Par ailleurs, que pensez-vous de l'intérêt que pourraient avoir également les conférences de consensus, telles que Philippe Lazar les avait proposées ? Que pensez-vous d'une action très forte pour éviter ce laxisme dans la prescription - car il y a bien laxisme dans la prescription - que vous venez vous-même d'évoquer ?
Au cours de cette formation initiale, il faut aussi inciter les médecins à prescrire raisonnablement, et non pas à prescrire pour donner satisfaction aux patients.
Ne pourriez-vous pas suggérer - mais peut-être n'avez-vous pas étudié cette disposition dans son détail - la création de médecins coordonnateurs de la sécurité sociale dans un milieu hospitalier donné, comme il en existe à Strasbourg ? Une telle disposition me paraît significative. Mais ne l'ayant découverte que ce matin, mon appréciation résulte peut-être d'une analyse trop rapide. Quoi qu'il en soit, je vous remercie, monsieur le secrétaire d'Etat, de votre réponse.
M. Bernard Kouchner, secrétaire d'Etat.
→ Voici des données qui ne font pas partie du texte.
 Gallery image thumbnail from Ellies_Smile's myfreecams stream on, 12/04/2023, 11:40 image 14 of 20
Je demande la parole.
M. le président. Monsieur le secrétaire d'Etat, c'est par pure courtoisie que je vous l'accorde, car le Gouvernement ne peut reprendre la parole.
M. Bernard Kouchner, secrétaire d'Etat. Je vous remercie, monsieur le président.
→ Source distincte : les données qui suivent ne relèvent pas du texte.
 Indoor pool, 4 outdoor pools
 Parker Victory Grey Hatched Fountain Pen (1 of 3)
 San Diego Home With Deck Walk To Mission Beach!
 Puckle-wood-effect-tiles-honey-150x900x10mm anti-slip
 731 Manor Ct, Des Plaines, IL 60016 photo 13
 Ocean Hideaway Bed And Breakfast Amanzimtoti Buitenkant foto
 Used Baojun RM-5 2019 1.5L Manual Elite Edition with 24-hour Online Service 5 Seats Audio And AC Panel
Monsieur le sénateur, l'expérience de Strasbourg est très intéressante. Il en existe une autre qui a été menée dans le département de la Savoie et qui consiste à remettre aux pharmaciens un document explicite soulignant les effets dangereux de certains médicaments sur la conduite automobile.
Ces expériences sont intéressantes et il faut en tenir compte.
S'agissant des conférences de consensus et de l'expérience de Philippe Lazar, vous avez tout à fait raison. Il faut que ces conférences de consensus soient connues des médecins. A cette fin, le recours à Internet n'est pas magique. Mais, pour ce qui est des interactions médicamenteuses et de leur mise au point permanente au sein de l'Agence du médicament, c'est un bel instrument qui n'existe pas.
Enfin, je partage complètement votre sentiment sur la nécessité de la remise à plat - comme on dit - des études initiales, qui ne sont plus adaptées aux temps.